How to make JOIN run faster?
JOIN has always been a knotty and long-pending problem in the performance optimization of database. The performance of a query that was originally very fast will drop sharply once several JOINs are involved and, the larger and the more tables participating in the JOIN, the harder it is to improve performance.
In fact, the key to making JOIN run faster is to categorize the JOINs. After categorizing, we can make use of the characteristic of different types of JOINs to optimize the performance.
Categorize the JOINs
Those having SQL development experience all know that the vast majority of JOINs are equivalent in value, that is, the associated condition is an equation. The non-equivalent JOINs are much rarer, and in most cases, such JOINs can be converted to equivalent JOIN, so we only discuss the equivalent JOIN in this article.
Equivalent JOINs can be divided into two categories: foreign key association and primary key association.
First, let’s see the foreign key association, it refers to using the non-primary key fields of one table to associate the primary key of the other. In this context, we call the former table the fact table, and the latter table the dimension table. For example, in the figure below, the orders table is a fact table, and the customer table, product table and employee table are the dimension table.
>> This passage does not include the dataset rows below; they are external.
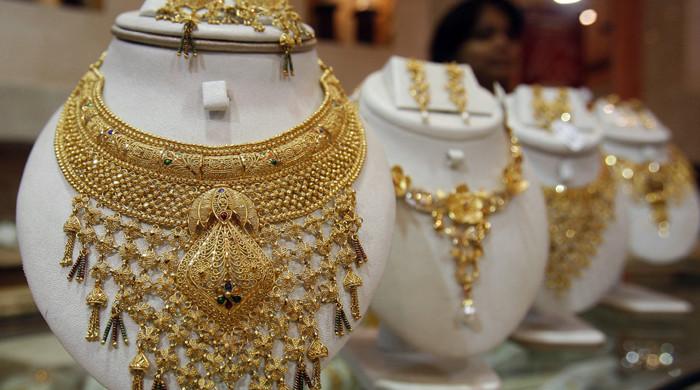 Gold price in Pakistan falls by more than Rs4,000 per tola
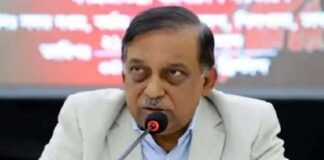 কলকাতায় দেখা মিলল আসাদুজ্জামান খান কামালের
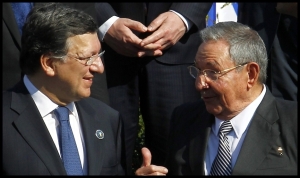 Raúl Castro  José Manuel Durão Barroso en Sgo Chile CELAC UE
The foreign key table is a many-to-one relationship, and is asymmetric. The positions of fact table and dimension table cannot be interchanged. It should be noted that the primary key mentioned here refers to the logical primary key, i.e., the field (or composite fields) in the table that has a unique value and can be used to uniquely determine a certain record, and the primary key is not necessarily created on the database table.
Let’s now move on to the primary key association. This association refers to using the primary key of one table to associate the primary key or part of primary keys of the other, such as the association between customer table and VIP customer table, and between orders table and details table in the figure below.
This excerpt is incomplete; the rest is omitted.